Fischer has spent more than 10 years pushing the project. She attended dozens of meetings and environmental conferences, made hundreds of phone calls and twisted more arms than an army of chiropractors to get the work done.
But the most important thing she did was make a friend — former Palm Beach Mayor Gail Coniglio.
“An engineer told us, ‘If it wasn’t for the relationship between their mayor and your mayor, all this would never have happened,’” Fischer says. “That touched my heart.”
Coniglio and her council allowed South Palm Beach to purchase as many as 1,000 truckloads of sand that Palm Beach dredged as part of the town’s extensive beach renourishment project.
And when things got tough, Coniglio was unwavering in her support for her southern neighbors. Two years ago, Palm Beach County abruptly pulled out of a project to install groins on the South Palm beaches, citing rising costs and objections from communities to the south.
Conigilio stepped in to offer South Palm Beach a piece of her project. It will cost the town somewhere between $700,000 and $900,000, money that has been saved in reserves for years to repair the beach.
Fischer is the first to admit it’s not a perfect solution. One strong storm could wash away much of the work.
“The groins would have been a better option,” the mayor says. “I was really disappointed that didn’t happen. But we had two options left — do this, or do nothing.”
Finding some sort of strategy to deal with the eroding beachfront became an inescapable issue in South Palm Beach in 2005 when Hurricane Wilma tore through Florida.
By the time the hurricane left Palm Beach County, South Palm Beach’s coastline was devastated and several condo buildings had nothing but battered seawalls to stand up to the relentless waves.
It took more than 10 years to actually develop the groin plan with the county and win the approval of state regulators.

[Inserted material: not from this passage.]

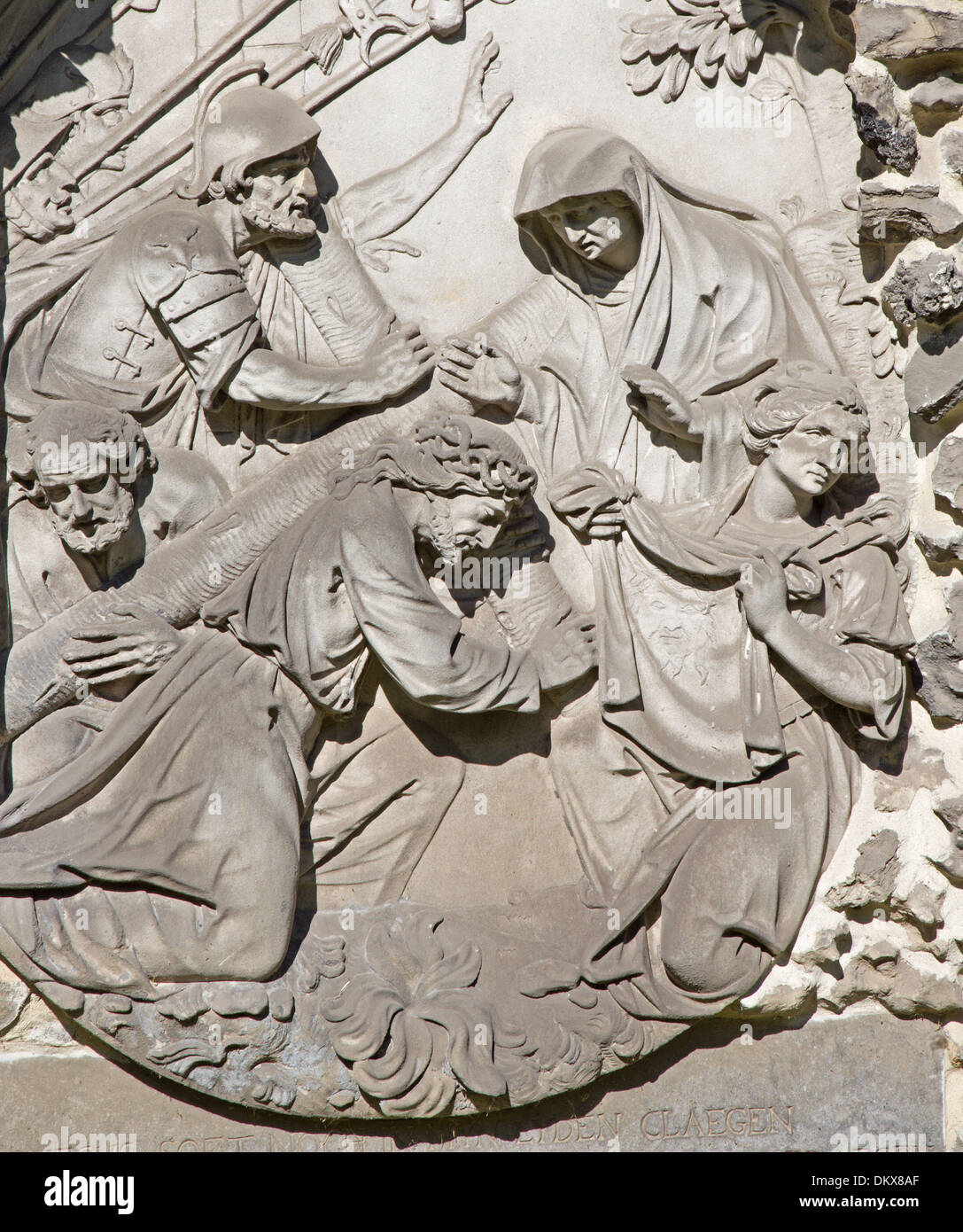 Antwerpen, Belgien - 5. SEPTEMBER: Stein Relief von Jesus fallen unter das Kreuz von Golgatha neben St. Pauls Kirche (Paulskerk) Stockfoto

The original cost for deploying the network of a half-dozen concrete sand holders on South Palm’s beaches was estimated at $5 million. The state was to pay half, the county 30% and South Palm 20%.

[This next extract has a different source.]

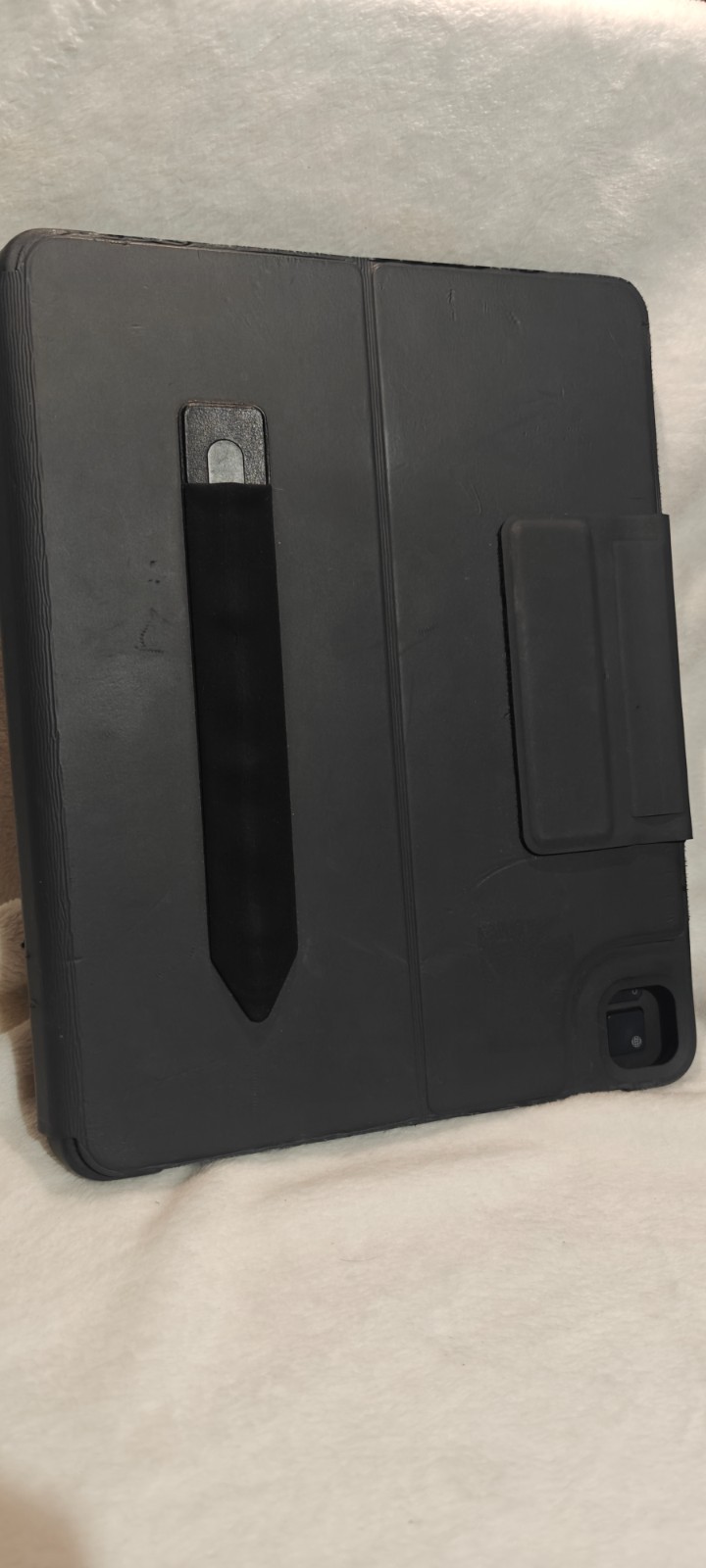 Logitech Slim Folio Pro 11-inch iPad Pro YR0070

By 2019, however, that price tag ballooned to something closer to $10 million and the county abruptly pulled out of the project. It didn’t help that both Manalapan and the Eau Palm Beach Resort & Spa threatened to sue over allegations the groins would steal sand destined for their beaches.
The Town of Palm Beach offered its alternative a few months later — a much more modest plan but one that was clearly more practical. Rather than a beach stabilization project, Palm Beach offered a dune restoration project, with sand and sea oats restoring what nature had eroded away.

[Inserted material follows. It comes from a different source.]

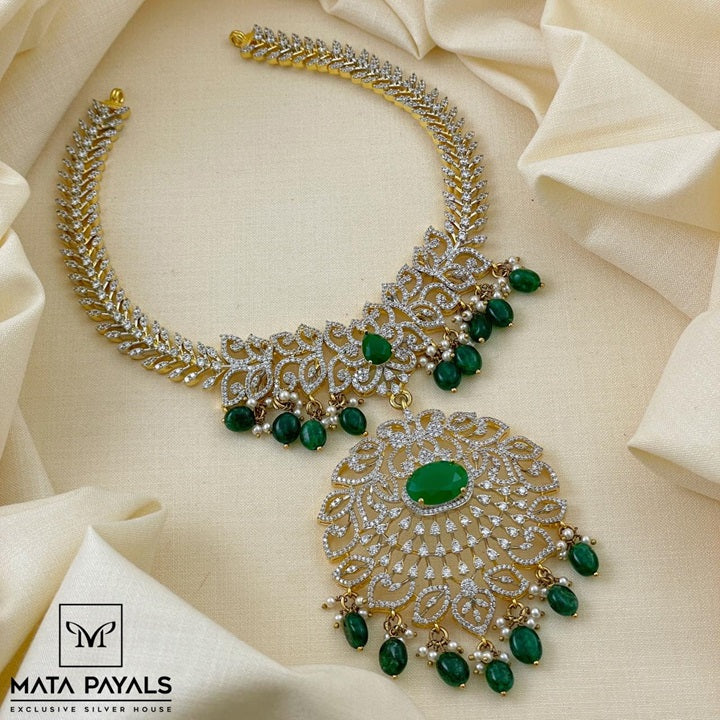 Graceful Zircon Necklace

It’s not a small paradox that South Palm wound up getting more help from Palm Beach than its own residents. Despite years of trying by Fischer and three city managers, South Palm Beach never did get all the easements it needed from condo associations and homeowners to work on the beach. They, too, lawyered up, expressing worries about damage liability and opening access to the public.
In the end, Palm Beach gained access to haul in the dredged sand on its side of the border line between the two towns.
Fischer said that the contributions of Robert Weber, Palm Beach’s coastal program manager, were invaluable. Weber effectively became South Palm’s project manager and saw the work through.
After five terms in office, Coniglio decided not to run for re-election in March. Fischer said she’s grateful Coniglio stayed long enough to help her friends in South Palm Beach.